(Scraped caption text data)
● ● ● ● ● ● ●

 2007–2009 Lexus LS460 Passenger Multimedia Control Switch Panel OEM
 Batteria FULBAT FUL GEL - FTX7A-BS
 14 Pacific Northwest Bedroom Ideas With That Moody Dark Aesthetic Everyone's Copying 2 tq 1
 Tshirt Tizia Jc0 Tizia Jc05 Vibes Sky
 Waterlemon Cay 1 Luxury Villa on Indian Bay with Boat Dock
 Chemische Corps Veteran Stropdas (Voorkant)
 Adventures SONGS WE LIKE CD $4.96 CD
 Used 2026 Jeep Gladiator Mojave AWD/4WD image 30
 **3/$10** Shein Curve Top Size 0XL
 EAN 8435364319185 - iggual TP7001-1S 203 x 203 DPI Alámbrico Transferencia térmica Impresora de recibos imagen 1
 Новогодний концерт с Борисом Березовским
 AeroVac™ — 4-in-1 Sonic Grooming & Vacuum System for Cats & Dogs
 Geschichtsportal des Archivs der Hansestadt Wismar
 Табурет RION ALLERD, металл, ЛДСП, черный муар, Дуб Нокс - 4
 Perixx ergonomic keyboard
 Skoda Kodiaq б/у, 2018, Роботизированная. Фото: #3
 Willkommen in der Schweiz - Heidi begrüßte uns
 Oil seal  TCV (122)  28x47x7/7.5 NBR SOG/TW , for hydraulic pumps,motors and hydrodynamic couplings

● ● ● ● ● ● ●

(WHAT YOU WILL DO):
Look for the line with "Новогодний концерт с Борисом Березовским" in the records above. Repeat it and each line after it exactly.

(ANSWER BOX):
 Новогодний концерт с Борисом Березовским
 AeroVac™ — 4-in-1 Sonic Grooming & Vacuum System for Cats & Dogs
 Geschichtsportal des Archivs der Hansestadt Wismar
 Табурет RION ALLERD, металл, ЛДСП, черный муар, Дуб Нокс - 4
 Perixx ergonomic keyboard
 Skoda Kodiaq б/у, 2018, Роботизированная. Фото: #3
 Willkommen in der Schweiz - Heidi begrüßte uns
 Oil seal  TCV (122)  28x47x7/7.5 NBR SOG/TW , for hydraulic pumps,motors and hydrodynamic couplings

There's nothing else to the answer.